So, to pay me back for that, she bought me Season One of Dexter for Christmas this year. RK and I are well into it already and can I just say… Oh, My. A serial killer that we root for? Who would have thought? It looks like I can buy seasons two and three, but season four isn’t available yet to buy. I ordered season two over the weekend to make sure it will be here when we finish the first season.
The really creepy thing? Some of the things Dexter says are things RK says. RK is not a sociopath, he’s just a bit antisocial towards people he isn’t already friends with. But, if I ask him to, he can fake being nice, even though I know he’s got the smart-aleck dialogue going on in his head the whole time. Maybe that’s why the series is so popular? We can all see just a little bit of ourselves, or someone we love, in Dexter? Don’t we all have to just put a mask on and pretend to fit into society sometimes? Not all the time, just every once in a while? I don’t know, and I’ll need to get farther into it to decide for sure, but I have all kinds of thoughts about what it says about society as a whole that this show is as popular as it apparently is. I did some research on it, and the season four finale set some records for number of viewers. For a show where the serial killer is the main character – the good guy, sort of. How bizarre is that?
My cousin has gotten RK and I hooked on a TV show. That is also some sort of record, I think.
Dexter: The First Season
Dexter: The Second Season
Dexter: The Third Season
I have no idea when season four will be released on DVD. Hopefully before we get through season three.




January 4th, 2010 at 9:54 am
LOL!! We are hooked on Dexter, too!! As creepy as it is, we just love it! :)
January 4th, 2010 at 10:09 am
DH and I ADORE this show (it’s loosely based on a book, which really pales in comparison to the show). Enjoy it…they really have some wonderful twists, and season 4 was perhaps the best season yet….though DH isn’t sure he wants to follow it anymore (a plot twist really threw him for a loop). Keep us posted on how you like it.
January 4th, 2010 at 11:01 am
I have been a fan of Dexter for a couple of years now. But after season 1 of The Ice Truck Killer, I had to take a mini break and watch the other seasons a little slower with more time between shows. It became a bit gory for me. But I watched the last season in real time on Showtime and have to say that the ending was UNBELIEVABLE! I hate it and love it all at the same time.
January 4th, 2010 at 11:33 am
I LOVE Dexter! The show AND the character. And yes, I was also totally surprised to find a serial killer so absolutely adorable. Season two made me even more “involved” with him!
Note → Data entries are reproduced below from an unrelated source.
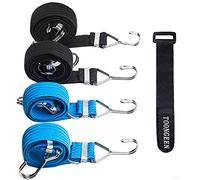 TOONGEEN Bungee Cords with Hooks, 4Pack Elastic Bungee Straps, 2x24",2x 39"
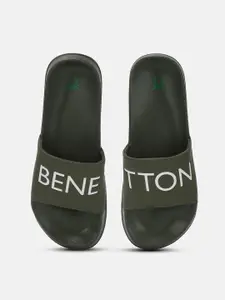 United Colors of Benetton Men Brand Logo Printed Sliders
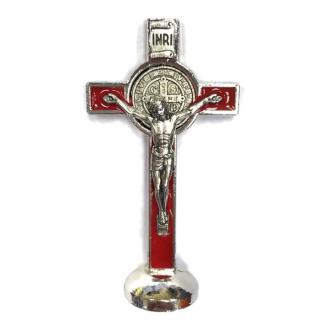 Benediktinský kříž – stojací, červený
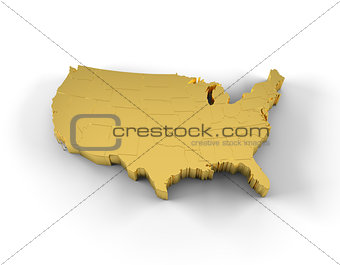 USA map 3D gold with states and clipping path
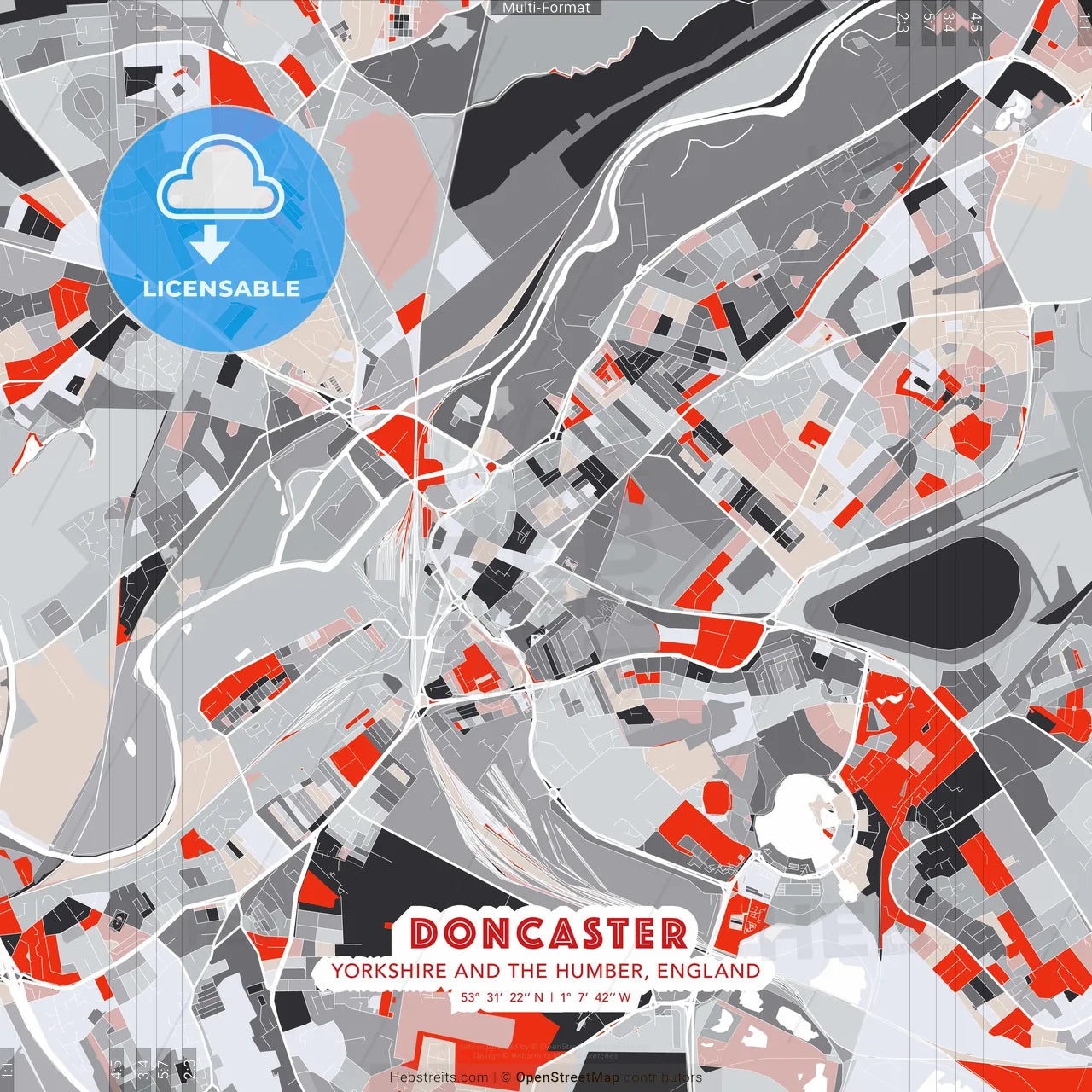 Doncaster, Yorkshire and the Humber, England - modern street map poster template with gray and red tones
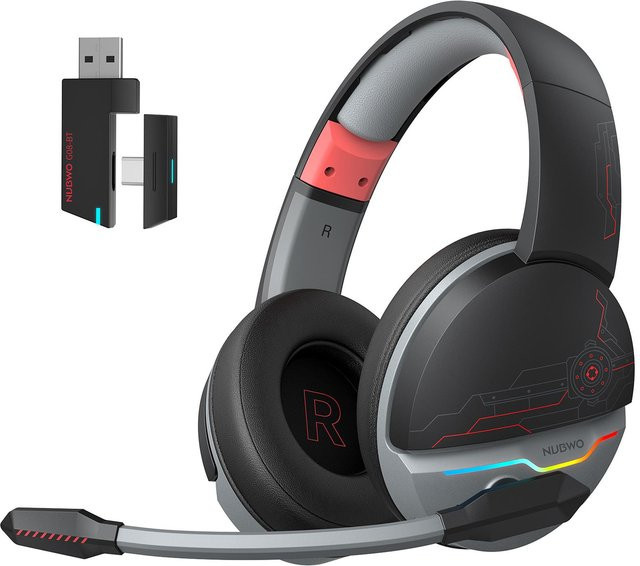 NUBWO G08 Kabelloses Over-Ear Gaming-Headset mit Bluetooth 5.3 und 2,4G für PS5, PS4 und PC in Rot/Schwarz - Bild 1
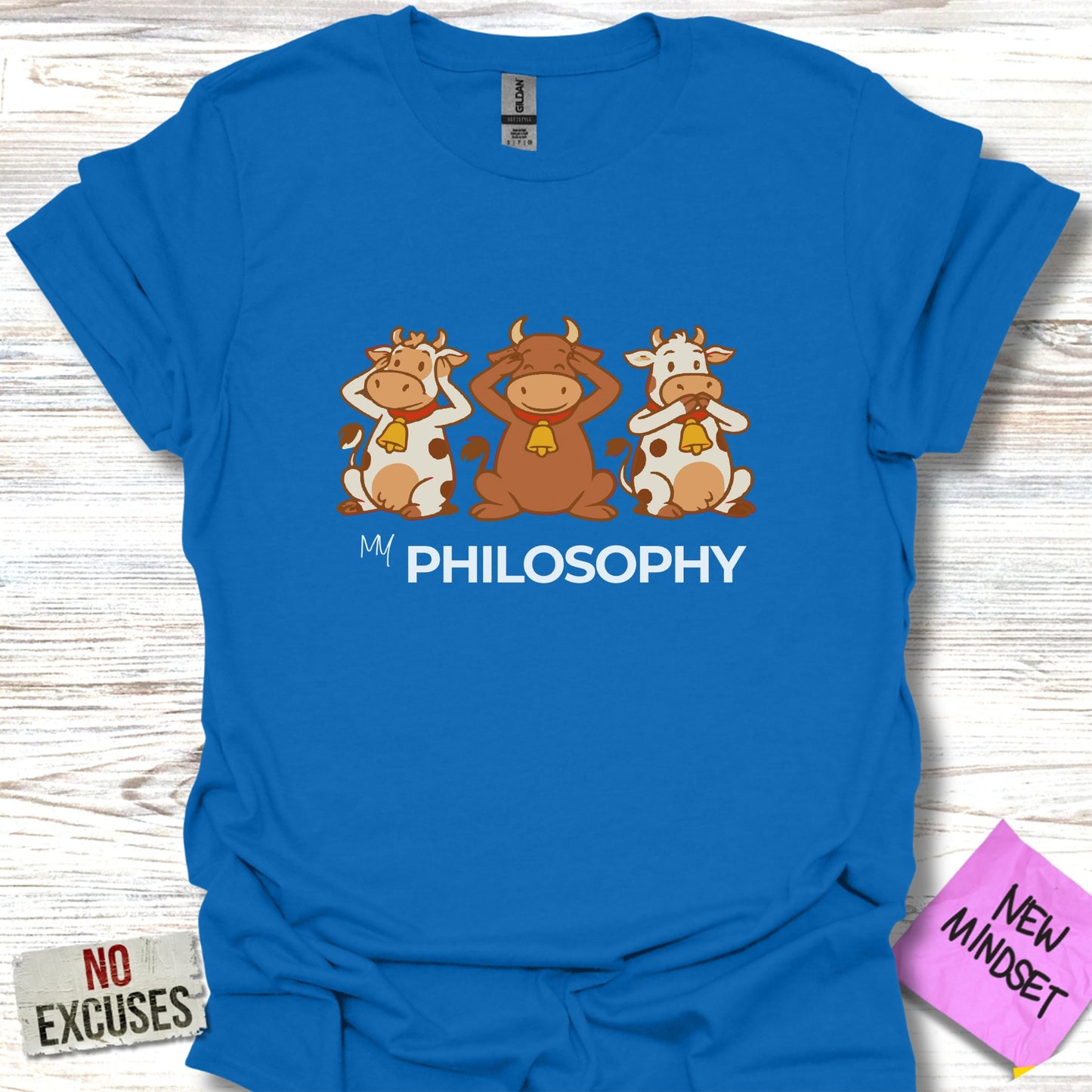 Funny Philosopher Cow Cartoon Graphic T-shirt product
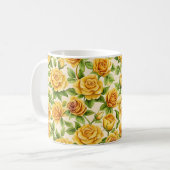Mooi naadloos patroon van gele rozen koffiemok (Voorkant links)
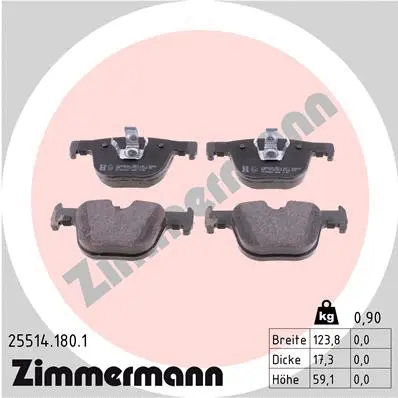 Diskinių stabdžių trinkelių rinkinys ZIMMERMANN 25514.180.1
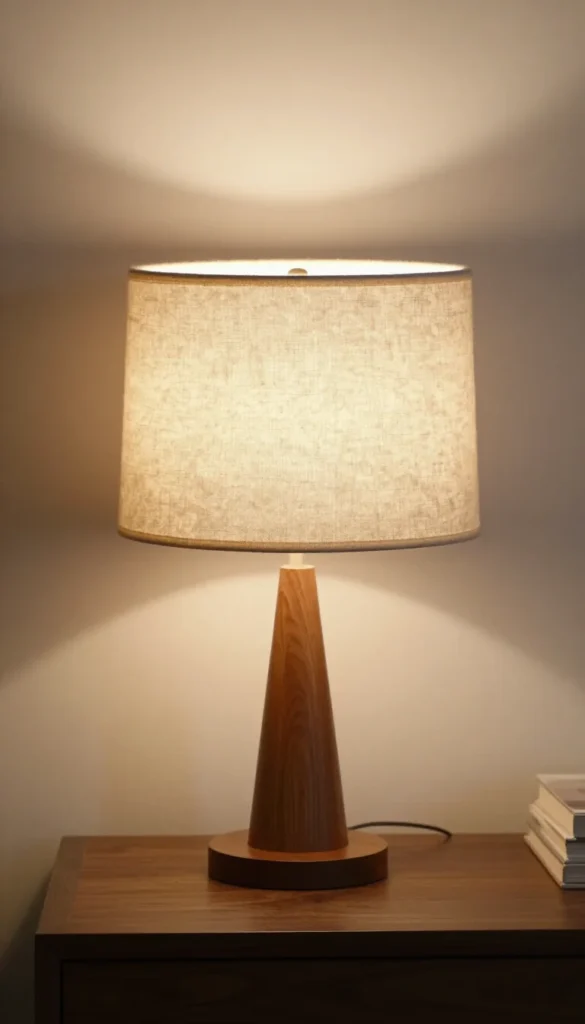 6. Linen Drum Shade Lamp with Wooden Base — Under $45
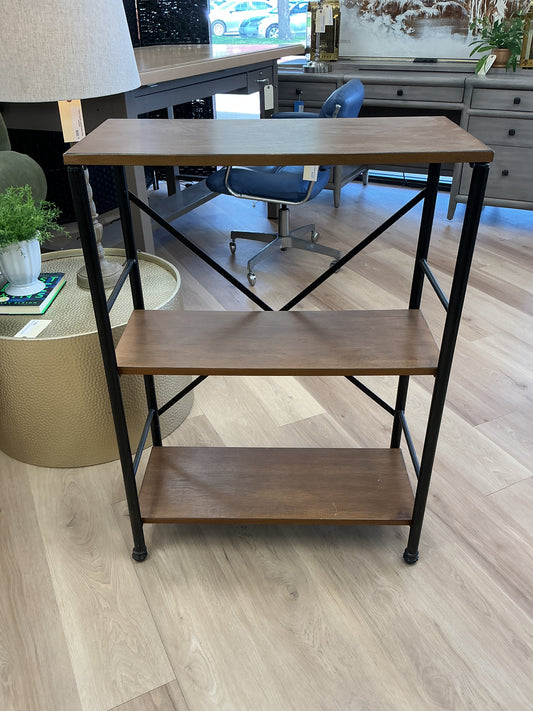 3-Tier Metal Wood Bookshelf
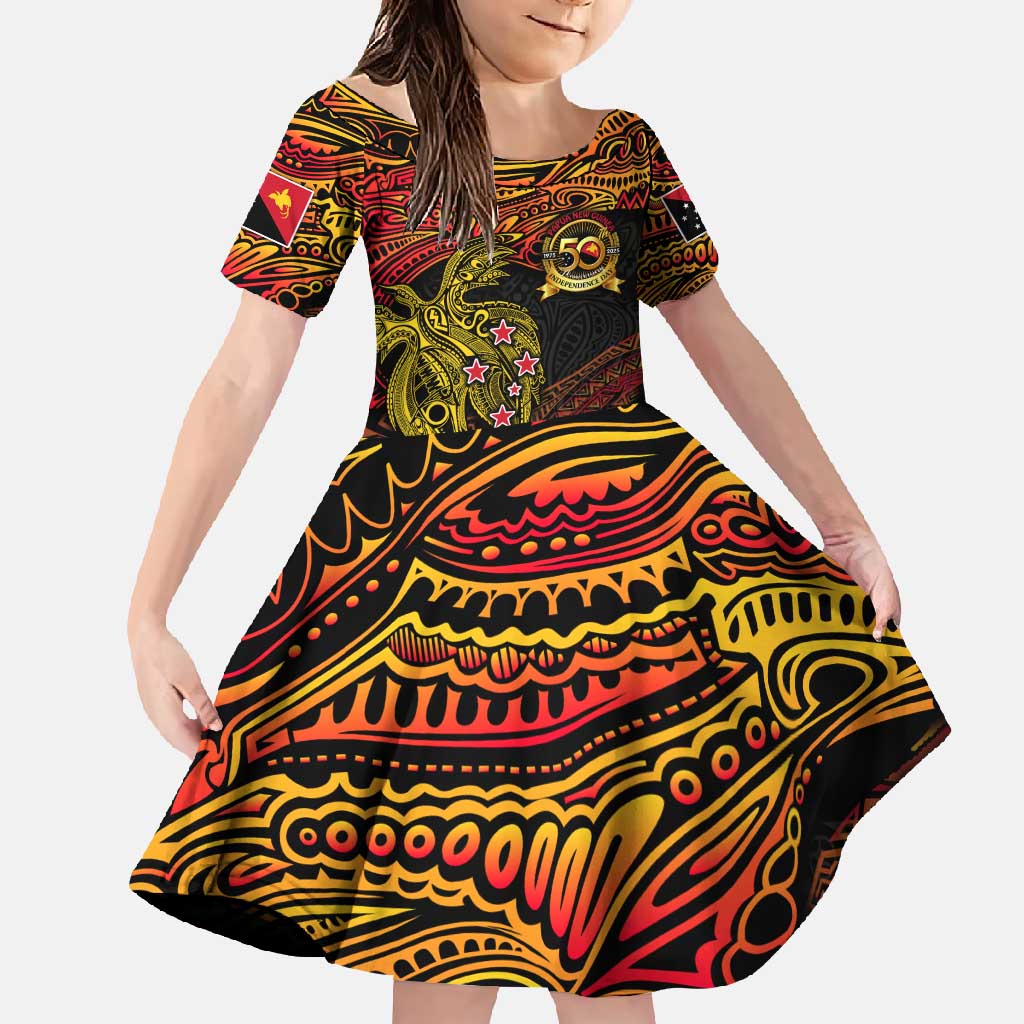 Papua New Guinea 50th Independence Day Family Matching Short Sleeve Bodycon Dress and Hawaiian Shirt Culture Spirit and Sovereignty DT02 Daughter's Dress Art - Polynesian Pride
Just wait, you find yourself just aching for him to kill people so he can be happy! That sounds so awful – I am not a psychotic killer but I do love Dexter! I can’t wait for season 4 to come out! I really don’t have the interest or time to watch TV every week at a specific time… so the only way I watch any TV shows is via DVD. I hate waiting for a whole season for more Dexter, but he is worth it! You really should read the book, too. He is “darker” in the books than in the TV series and not quite as adorable but just as humorous in his sarcastic commentary on life. It’s a little different but I enjoyed the book too.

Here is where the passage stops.